| GIVEN RECORDS |

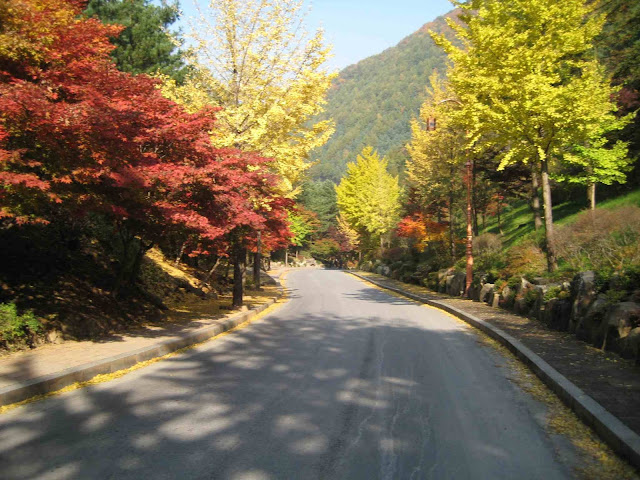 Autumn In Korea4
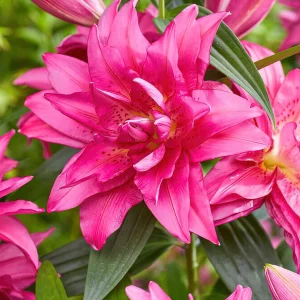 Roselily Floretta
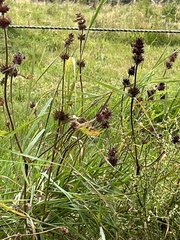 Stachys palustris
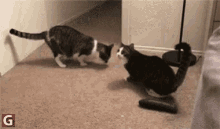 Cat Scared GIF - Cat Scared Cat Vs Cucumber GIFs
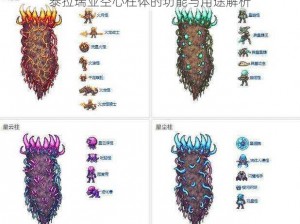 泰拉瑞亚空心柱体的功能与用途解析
--
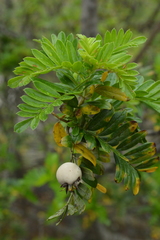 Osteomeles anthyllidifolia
---
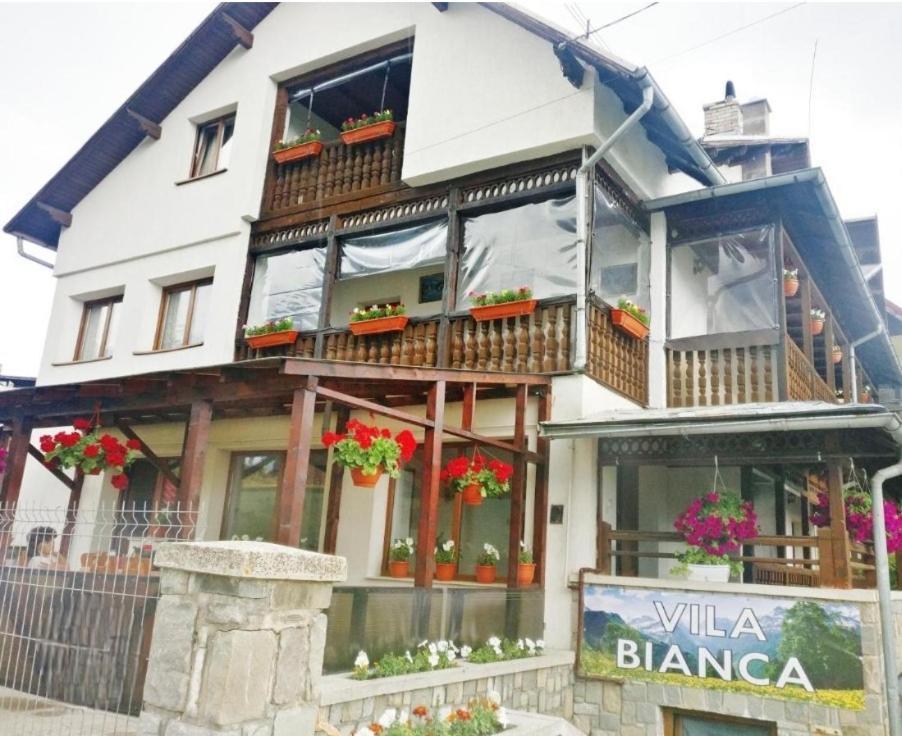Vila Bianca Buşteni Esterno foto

| WHAT NEEDS TO BE DONE |
In the listing above, find the line with "Autumn In Korea4" and output it and every line after it up to and including the line with "泰拉瑞亚空心柱体的功能与用途解析", exactly, minus the pictures.

| OUTPUT OF THE EXERCISE |
 Autumn In Korea4
 Roselily Floretta
 Stachys palustris
 Cat Scared GIF - Cat Scared Cat Vs Cucumber GIFs
 泰拉瑞亚空心柱体的功能与用途解析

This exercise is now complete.